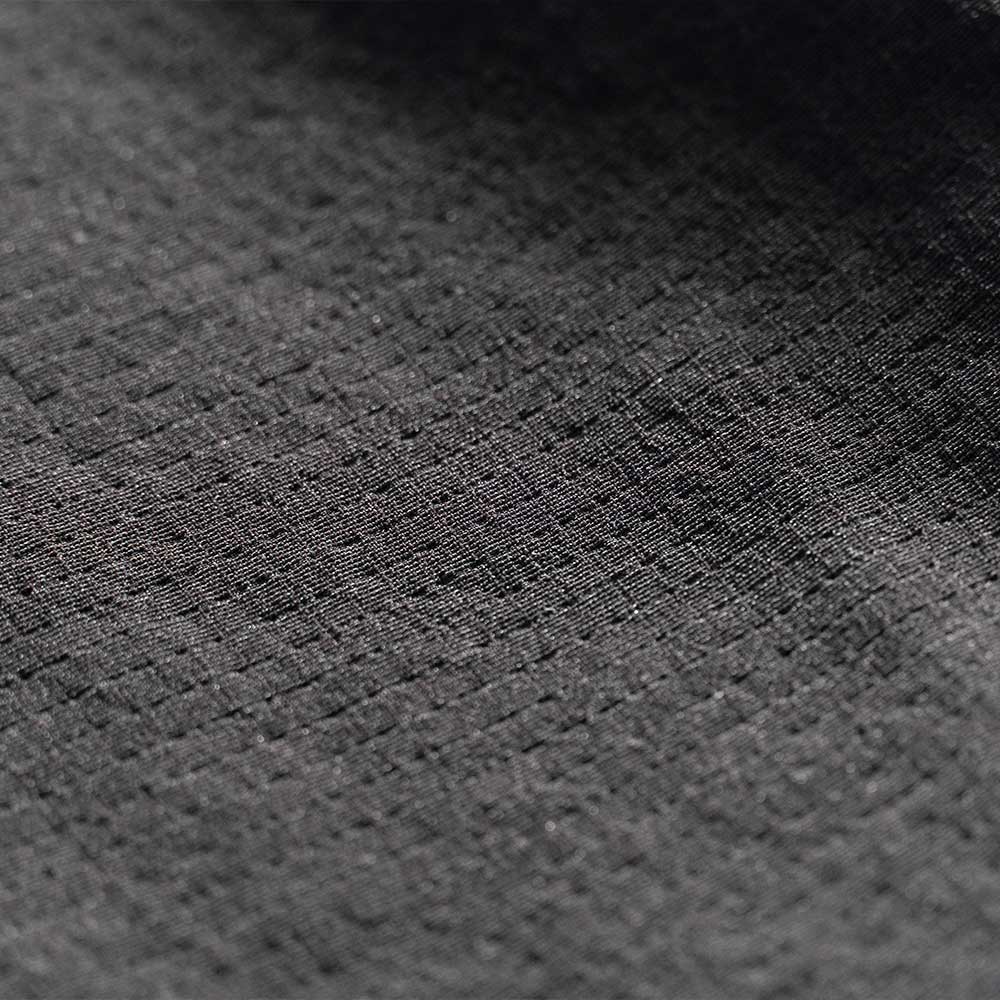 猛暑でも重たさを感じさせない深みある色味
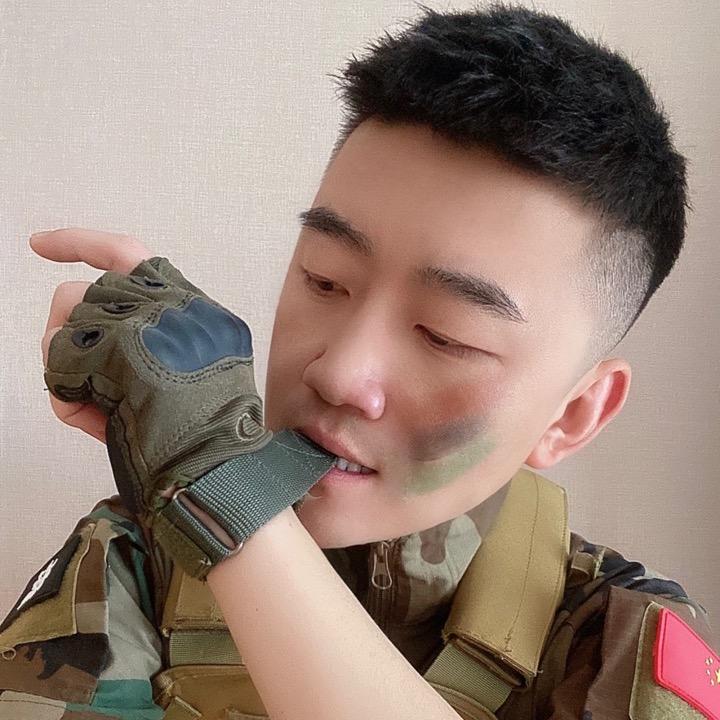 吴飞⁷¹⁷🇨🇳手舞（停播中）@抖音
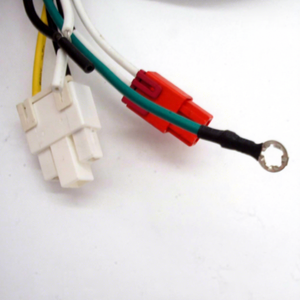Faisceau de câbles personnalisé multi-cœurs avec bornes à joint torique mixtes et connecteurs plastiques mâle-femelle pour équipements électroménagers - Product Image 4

Problem to work on: Please set down each line of the data above exactly as written, without the pictures.

Expected answer:
 猛暑でも重たさを感じさせない深みある色味
 吴飞⁷¹⁷🇨🇳手舞（停播中）@抖音
Faisceau de câbles personnalisé multi-cœurs avec bornes à joint torique mixtes et connecteurs plastiques mâle-femelle pour équipements électroménagers - Product Image 4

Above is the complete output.